My hon. Friend the Member for Hove said that the media are complicit in sexualising and sensationalising horrific acts of violence and causing huge further trauma to the families of victims. Those victims—mainly women—and their families need anonymity.
A BBC study in 2019 found that more than a third of UK women under the age of 40 had experienced unwanted slapping, choking or gagging during consensual sex. Of the women who experienced those acts, 20% said they had been left upset or frightened. It is vital that women’s voices should no longer be silenced.
It is once again a pleasure to serve under your chairmanship, Ms Buck. I thank colleagues for those helpful and powerful contributions. I want to begin my remarks by echoing a point that was made: we should not be shy in this place about making observations that are sometimes uncomfortable.

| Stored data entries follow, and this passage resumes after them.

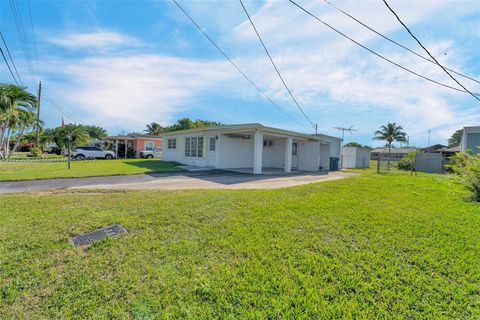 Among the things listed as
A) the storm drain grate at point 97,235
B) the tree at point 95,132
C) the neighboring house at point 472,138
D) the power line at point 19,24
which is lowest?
the storm drain grate at point 97,235

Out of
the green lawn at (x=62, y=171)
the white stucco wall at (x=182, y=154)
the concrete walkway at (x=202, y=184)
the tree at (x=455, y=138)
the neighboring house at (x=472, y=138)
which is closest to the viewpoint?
the concrete walkway at (x=202, y=184)

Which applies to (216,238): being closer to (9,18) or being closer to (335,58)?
(335,58)

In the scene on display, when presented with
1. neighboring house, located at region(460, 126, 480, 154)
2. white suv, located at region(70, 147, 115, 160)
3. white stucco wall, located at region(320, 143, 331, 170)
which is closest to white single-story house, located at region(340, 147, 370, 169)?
white stucco wall, located at region(320, 143, 331, 170)

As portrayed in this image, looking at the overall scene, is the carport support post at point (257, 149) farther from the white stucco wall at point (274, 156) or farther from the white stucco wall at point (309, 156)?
the white stucco wall at point (274, 156)

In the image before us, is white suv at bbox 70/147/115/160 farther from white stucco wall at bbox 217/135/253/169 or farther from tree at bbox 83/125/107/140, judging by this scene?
tree at bbox 83/125/107/140

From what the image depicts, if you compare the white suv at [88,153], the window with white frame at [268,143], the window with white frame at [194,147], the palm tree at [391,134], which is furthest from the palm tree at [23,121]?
the palm tree at [391,134]

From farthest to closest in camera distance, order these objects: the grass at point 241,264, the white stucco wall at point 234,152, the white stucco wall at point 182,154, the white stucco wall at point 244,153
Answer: the white stucco wall at point 182,154, the white stucco wall at point 244,153, the white stucco wall at point 234,152, the grass at point 241,264

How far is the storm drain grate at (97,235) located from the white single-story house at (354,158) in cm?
2223

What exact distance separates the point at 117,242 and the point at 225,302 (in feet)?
6.77

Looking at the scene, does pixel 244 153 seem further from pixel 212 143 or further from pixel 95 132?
pixel 95 132

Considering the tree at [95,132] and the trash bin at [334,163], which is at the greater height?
the tree at [95,132]

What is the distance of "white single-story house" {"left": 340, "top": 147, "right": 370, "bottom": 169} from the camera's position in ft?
76.2

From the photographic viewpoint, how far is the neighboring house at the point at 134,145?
26881 millimetres

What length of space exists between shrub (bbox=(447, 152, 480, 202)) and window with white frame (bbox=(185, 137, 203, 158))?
43.3ft
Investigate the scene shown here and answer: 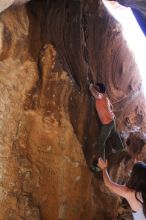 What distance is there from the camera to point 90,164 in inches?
141

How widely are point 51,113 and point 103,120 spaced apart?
542mm

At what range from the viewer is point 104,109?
11.3 ft

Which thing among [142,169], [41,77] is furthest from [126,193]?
[41,77]

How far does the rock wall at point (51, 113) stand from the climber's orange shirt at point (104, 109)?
160mm

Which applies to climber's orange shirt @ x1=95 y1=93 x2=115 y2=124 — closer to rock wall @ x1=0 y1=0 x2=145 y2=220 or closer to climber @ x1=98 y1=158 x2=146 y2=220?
rock wall @ x1=0 y1=0 x2=145 y2=220

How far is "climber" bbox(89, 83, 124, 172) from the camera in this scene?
3.40 metres

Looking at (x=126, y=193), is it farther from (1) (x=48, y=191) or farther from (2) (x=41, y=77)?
(2) (x=41, y=77)

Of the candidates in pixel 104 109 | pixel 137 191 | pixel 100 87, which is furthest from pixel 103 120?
pixel 137 191

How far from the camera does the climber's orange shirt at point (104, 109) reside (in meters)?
3.39

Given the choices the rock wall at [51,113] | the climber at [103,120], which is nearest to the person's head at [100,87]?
the climber at [103,120]

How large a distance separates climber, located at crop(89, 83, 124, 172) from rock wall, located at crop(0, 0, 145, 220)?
0.09 meters

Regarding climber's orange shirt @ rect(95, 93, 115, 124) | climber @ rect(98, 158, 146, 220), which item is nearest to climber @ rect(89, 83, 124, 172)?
climber's orange shirt @ rect(95, 93, 115, 124)

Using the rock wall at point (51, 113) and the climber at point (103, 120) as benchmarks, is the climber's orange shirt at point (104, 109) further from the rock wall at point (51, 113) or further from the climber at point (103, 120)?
the rock wall at point (51, 113)

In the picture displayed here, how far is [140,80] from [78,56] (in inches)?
53.6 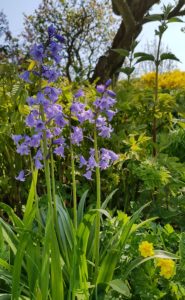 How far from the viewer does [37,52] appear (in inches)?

It seems to me a fact that there is a worrying and increasing normalisation of acts that are not just degrading but dangerous. Because we live in a liberal, open, tolerant society we of course do not want to step into the bedroom. We do not want to intrude into people’s private affairs, but when what they do leads to someone’s death we should not have any compunction about taking the steps necessary, first to ensure that people are safe, secondly to ensure that justice is done, and thirdly to send a message: if someone wants to behave in that way, when the consequences come to pass, on their head be it.

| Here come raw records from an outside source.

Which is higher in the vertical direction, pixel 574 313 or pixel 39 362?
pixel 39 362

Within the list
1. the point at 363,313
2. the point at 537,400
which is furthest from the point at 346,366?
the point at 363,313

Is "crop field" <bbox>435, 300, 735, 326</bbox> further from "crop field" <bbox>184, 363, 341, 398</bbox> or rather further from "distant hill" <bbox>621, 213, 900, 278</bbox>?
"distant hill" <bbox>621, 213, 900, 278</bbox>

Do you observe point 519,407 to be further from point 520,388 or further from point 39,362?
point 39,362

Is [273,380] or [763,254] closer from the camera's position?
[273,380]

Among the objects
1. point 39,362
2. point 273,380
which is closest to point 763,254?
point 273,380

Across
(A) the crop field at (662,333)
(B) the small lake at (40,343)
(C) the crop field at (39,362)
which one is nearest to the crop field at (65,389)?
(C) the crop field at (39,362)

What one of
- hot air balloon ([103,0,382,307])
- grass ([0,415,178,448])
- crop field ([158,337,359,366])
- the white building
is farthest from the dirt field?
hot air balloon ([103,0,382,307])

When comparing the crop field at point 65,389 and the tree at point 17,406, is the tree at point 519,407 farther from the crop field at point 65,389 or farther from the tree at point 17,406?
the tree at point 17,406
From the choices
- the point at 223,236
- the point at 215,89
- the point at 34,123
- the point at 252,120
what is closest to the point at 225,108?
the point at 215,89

I am grateful to the Opposition Front-Bench spokespersons for making the case for the new clauses. Before addressing those in detail, I pay tribute, as others have, to my hon. Friend the Member for Wyre Forest, who is the constituency MP of Natalie Connolly and her family, and to the right hon. and learned Member for Camberwell and Peckham. They have run a formidable campaign and have engaged closely and constructively with the Government. I pay tribute to them for that.
My fellow Minister, my hon. Friend the Member for Louth and Horncastle, has temporarily departed, but I also pay tribute to her. She has met the family of Natalie Connolly and taken a close personal interest. She really recognises the seriousness of the issue, which all of us feel.
Before going into the detail of new clauses 4 and 5, let me say this: it is unconscionable for defendants to suggest that the death of a woman—it is almost invariably a woman—is justified, excusable or legally defensible simply because that woman consented in the violent and harmful sexual activity that resulted in her death. That is unconscionable, and the Government are committed to making that crystal clear.
A note of caution: as the Secretary of State for Justice said on Second Reading, this is a complex area of law. The law of homicide is of labyrinthine complexity, so there is a need to ensure that any statutory provisions have the desired effect—an effect that I do not think is controversial—and that they do not lead to any unintended consequences. We need to ensure that any change does not inadvertently, although with the best of intentions, create loopholes or uncertainties in the law that may be exploited by unscrupulous individuals who seek to carry out the type of crimes that we are talking about.
I will develop those observations by reference to the wording of the proposed new clause. As I and others have discussed with my hon. Friend the Member for Wyre Forest and the right hon. and learned Member for Camberwell and Peckham, new clauses 4 and 5, while on the right lines, might not have the effect that they seek.
Take a moment to look at new clause 4, which is headed “No defence for consent to death”. The words that I would stress in proposed new subsection (1) are
“to whom they are personally connected as defined in section 2”.
Clause 2 defines “personally connected” as “two people” who
“are, or have been, married to each other…are, or have been, civil partners…have agreed to marry one another (whether or not the agreement has been terminated)…have entered into a civil partnership agreement…are, or have been, in an intimate personal relationship”—
I stress “relationship”—
“have, or there has been a time when they each have had, a parental relationship”,
or “they are relatives”.
Hon. Members will immediately spot the potential issue. What if people have not been in a relationship as defined in what will become section 2? One incident involved a British national in another jurisdiction, so I am necessarily cautious about referring too much to it, but what if someone is a Tinder date, for want of a better expression?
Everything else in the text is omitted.